The case contained pounds 3,000-worth of clothes and computer equipment, which might be considered a disappointingly small haul compared to the amounts other former Arsenal employees have found in bags left lying around by Scandinavian businessmen. Hillier did not suggest, incidentally, that he thought the bag was a gift and that, in any case, he intended to give it back at a later date.
Instead, the player threw himself at the magistrate's mercy, saying that he was distraught at his stupidity and that his form had dipped to such a degree since the incident, what with all the guilt and worrying, that he was now on the transfer list. The magistrate accepted his plea, although a closer observer of the game would have pointed out that it wasn't necessarily the crime: anybody's form would suffer if they were obliged to share the midfield with John Jensen and Martin Keown.
And a more astute legal process might have asked questions about the Arsenal youth system which helped develop Hillier's talent. He is a graduate of an operation which also produced Ray "Pizza" Parlour, who got into trouble in Hong Kong after a Dennis Wise-style altercation with a taxi driver. There is also Paul Merson, whose all-round personal problems led to a near-breakdown and Kevin Dennis, who never made it into the first team, not so much because he wasn't talented but because in September 1993 he was sentenced to 30 months for manslaughter.
At Dennis's initial hearing, the north London club, showing admirable loyalty to an employee, asked the magistrate if the case could be brought forward as they had a car waiting outside to take the player down to a reserve match. And we must not forget the Arsenal youth system's most decorated old boy, Tony Adams, who served 56 days of a four-month sentence for drink- driving in December 1990. An intriguing roll-call.

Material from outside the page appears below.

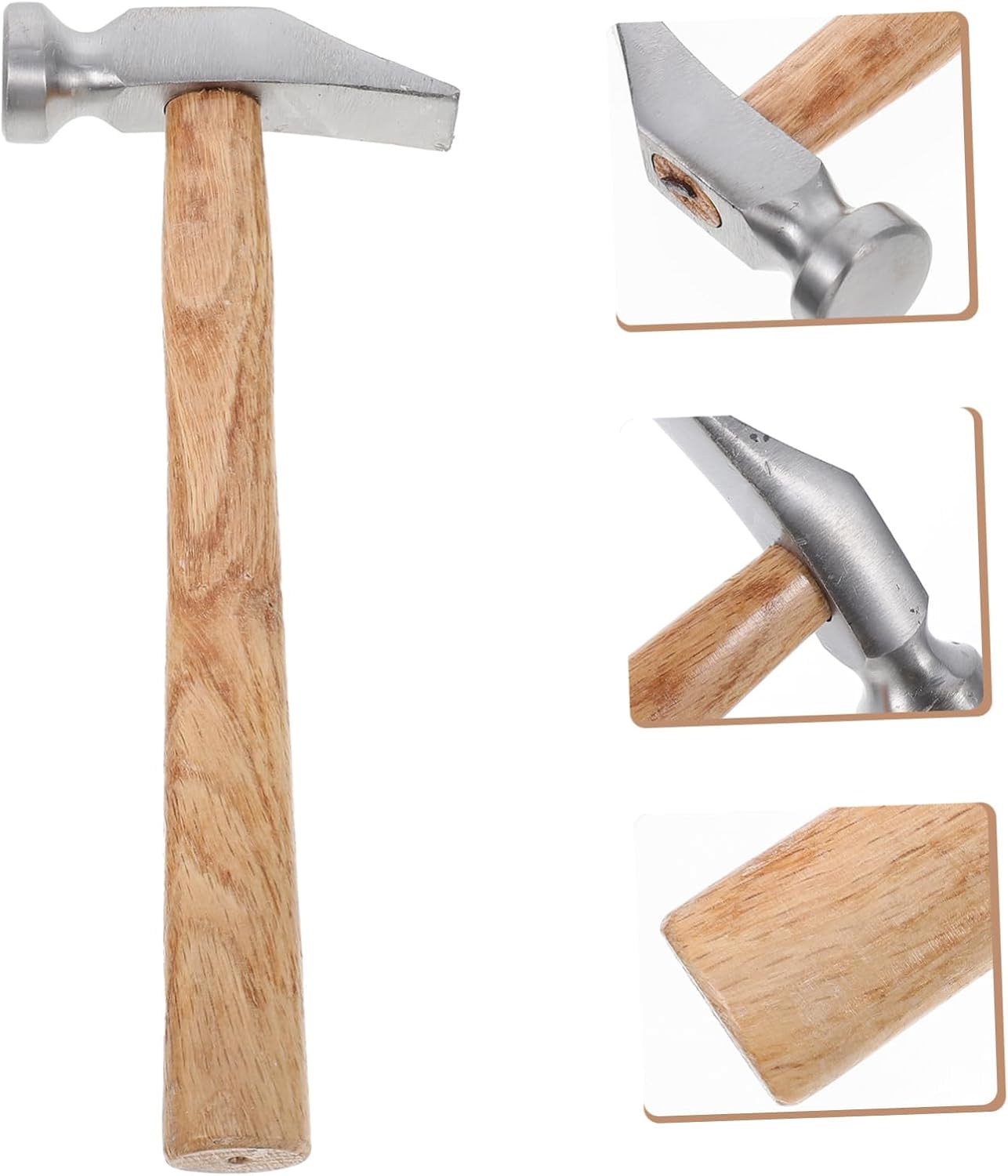 VILLCASE Multi-function Steel Shoe Repair Hammer Portable Steel Tool for Craft and Sole Fixing Lightweight Wooden Handle for Enhanced Durability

Luckily for Hillier, the magistrate decided not to delve too closely and simply to fine him pounds 750. Thus the player missed the chance to join football's most exclusive squad: those who have served time. Bring them together, and the British Lags XI would make quite a handy team.

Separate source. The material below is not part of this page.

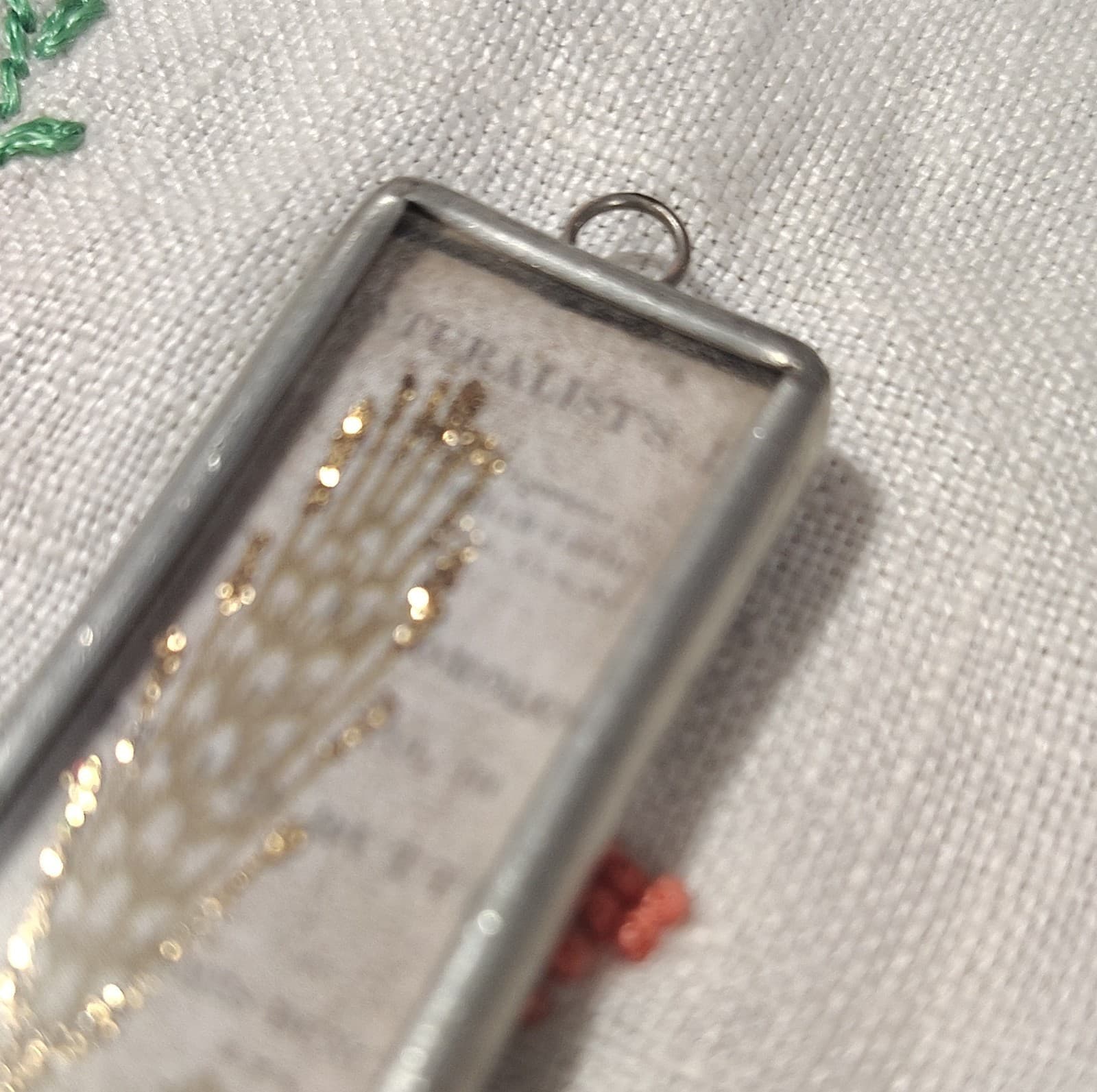 Handcrafted Rectangular Nature Charm Pendant Glitter Paper Metal Gold Silver - Thumbnail 3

The spine would have been constructed from the Sheffield Wednesday trio, Peter Swan, Tony Kay and David "Bronco" Layne, jailed for four months in 1965 for match- rigging. They might be getting on a bit now, but once would have been handy for helping the lads secure a result.

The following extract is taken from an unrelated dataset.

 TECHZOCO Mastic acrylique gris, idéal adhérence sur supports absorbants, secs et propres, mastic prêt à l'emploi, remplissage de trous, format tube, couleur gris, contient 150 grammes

Alongside them would be yet another product of the marble halls of Highbury, Peter Storey, a Double winner with the Gunners and a double time-server too: he was given two years in 1980 for plotting to counterfeit gold half- sovereigns and then 28 days in 1990 for smuggling pornographic videos.
Ricky Otto of Birmingham (three years for robbery in 1987) and Jamie Lawrence of Doncaster (26 months for robbery in 1992) might have been useful additions to the team when it required some kit in a hurry, and endless injections of enthusiasm could be provided by Mickey Thomas, the evergreen Wrexham winger who was given 18 months in 1993 for passing forged banknotes (although it might be advisable to check his match fee carefully before accepting it).
You wouldn't let any of the rest of the squad anywhere near the wheel of the team bus without sniffing the air first: George Best (1984), Mick Quinn (1987), Jan Molby (1988), skipper Tony Adams (1990) and Terry Fenwick (1991) were all sent down for offences involving driving while over-refreshed. Or, indeed, to let the team's latest cap, Duncan Ferguson, anywhere near the opposition.
Hillier, although he would have made a fine contribution in a selfless fetching and carrying role, probably won't be losing much sleep about not being picked for the side. A pounds 750 fine, public humiliation and a criminal record might be regarded as serious enough recompense for his moment of stupidity, but things could have been much worse.
Judging by the way in which the leading contenders are running away from it as if from a man possessed by a terminal case of halitosis, if the magistrate had really wanted to punish the player he would have given him the sentence everyone in football fears: the job of England manager.